* _ASSIGNMENT_: Starting at the line that contains "Mc2 Saint Barth" and ending at the line that contains "1080P Full HD", the lines below are to be given again exactly, with nothing added.

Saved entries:
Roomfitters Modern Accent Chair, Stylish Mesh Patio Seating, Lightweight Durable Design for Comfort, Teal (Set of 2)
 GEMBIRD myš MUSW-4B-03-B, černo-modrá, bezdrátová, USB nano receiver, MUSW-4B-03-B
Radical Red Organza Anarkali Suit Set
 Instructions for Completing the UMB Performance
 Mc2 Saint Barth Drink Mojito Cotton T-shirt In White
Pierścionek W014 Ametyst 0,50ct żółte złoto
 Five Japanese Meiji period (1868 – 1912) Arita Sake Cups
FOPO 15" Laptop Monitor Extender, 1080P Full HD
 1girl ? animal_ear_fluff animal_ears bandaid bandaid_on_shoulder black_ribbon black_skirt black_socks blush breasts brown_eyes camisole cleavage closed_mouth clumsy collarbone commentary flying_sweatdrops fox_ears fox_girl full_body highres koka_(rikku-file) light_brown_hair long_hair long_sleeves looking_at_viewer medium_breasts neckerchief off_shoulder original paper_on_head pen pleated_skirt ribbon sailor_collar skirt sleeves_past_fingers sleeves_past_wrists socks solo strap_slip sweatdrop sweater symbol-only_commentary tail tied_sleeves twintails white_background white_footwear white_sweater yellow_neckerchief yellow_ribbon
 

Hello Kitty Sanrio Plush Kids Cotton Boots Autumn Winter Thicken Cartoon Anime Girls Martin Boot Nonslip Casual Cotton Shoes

* _YOUR SOLUTION_:
 Mc2 Saint Barth Drink Mojito Cotton T-shirt In White
Pierścionek W014 Ametyst 0,50ct żółte złoto
 Five Japanese Meiji period (1868 – 1912) Arita Sake Cups
FOPO 15" Laptop Monitor Extender, 1080P Full HD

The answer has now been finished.